А если и помним, то все ли делаем – постоянно! – для того, чтобы она не началась?

Сам Гей – тому я свидетель – помнил постоянно и о том, что ядерная война может возникнуть в любой момент, и о том, что бить в колокол Джона Дона тоже следует постоянно. И не только помнил, но и бил – его брошюра "Homo prekatastrofilis" и была таким колоколом. Кстати заметить, вся семья Гея была причастна к созданию этой брошюры. Гошка делал оформление, Алина Притчу о Зверях написала, которую Гей хотел дать в сцене восхождения к истине, как один из материалов для Красной Папки – к докладу вождю человечества, а Юрик музыку писал к брошюре, этюд No 2, соль минор, "Вечер жизни". Такие дела.

Гей надеялся, что однажды эту семейную книгу прочтет президент Рейган, а потом и другие президенты ее прочтут, генералы и адмиралы, солдаты всех армий прочтут и весь народ Земли, и все ужаснутся тому очевидному, что как бы не замечали в своей жизни – мир находится на волоске от гибели, всем одуматься надо, пока судьба человечества не оказалась в руках КОМПЬЮТЕРА. И если все, все одумаются, то наступит День Всеобщего Разоружения, День Всеобщего Мира. И Гею даже медали за это не надо. Он признался мне смущенно, что высшей наградой для него было бы учреждение Организацией Объединенных Наций постоянного конкурса самых юных исполнителей, и чтобы дети всех стран ездили по всему миру с концертами – как Чрезвычайные Полномочные и Постоянные представители той или иной страны, и Юрик сыграл бы на фортепьяно если уж не свое сочинение, этюд No 1, соль мажор, "Утро жизни", то божественную сонату Джакома Грациоли, в которой, как считал Гей, таилось то, что не так уж часто выпадало в жизни, ощущение радости бытия.

ЛЕНИНСКИМ КУРСОМ МИРА

Советский Союз, другие братские социалистические страны неустанно борются за мир и международную безопасность. Социализму для своего развития, для все более широкого удовлетворения новых и разнообразных потребностей народа нужны мирные условия.

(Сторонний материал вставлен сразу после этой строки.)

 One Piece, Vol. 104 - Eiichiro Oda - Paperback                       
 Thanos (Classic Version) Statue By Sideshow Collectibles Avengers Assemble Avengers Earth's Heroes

Динамичный, конструктивный внешнеполитический курс КПСС и Советского государства, смелые инициативы СССР отвечают жизненным интересам, глубоким чаяниям не только советского народа, но и всех народов планеты, вселяют в них реальную надежду на перемены к лучшему. Об этом со всей убедительностью свидетельствует широкий позитивный отклик мировой общественности на ответы М. С. Горбачева американскому журналу "Тайм", на его заявления, сделанные в ходе беседы с группой американских сенаторов. Содержащийся в них анализ международной обстановки, изложение позиции СССР по главным проблемам современности, его практической политики проникнуты чувством огромной ответственности советского руководства перед лицом своего народа и всего человечества.

Копирайт

"Правда". 12 сентября 1985 года

В Красной Папке был и другой документ.

ВАШИНГТОН. Члены палаты представителей Дж. Браун, Дж. Моукли, Дж. Сейберлинг и М. Макхью совместно с представителями Союза обеспокоенных ученых, объединяющего в своих рядах 700 членов Национальной академии наук, в том числе 54 лауреата Нобелевской премии, возбудили в окружном суде иск с целью предотвратить намеченное на 13 сентября испытание противоспутникового оружия.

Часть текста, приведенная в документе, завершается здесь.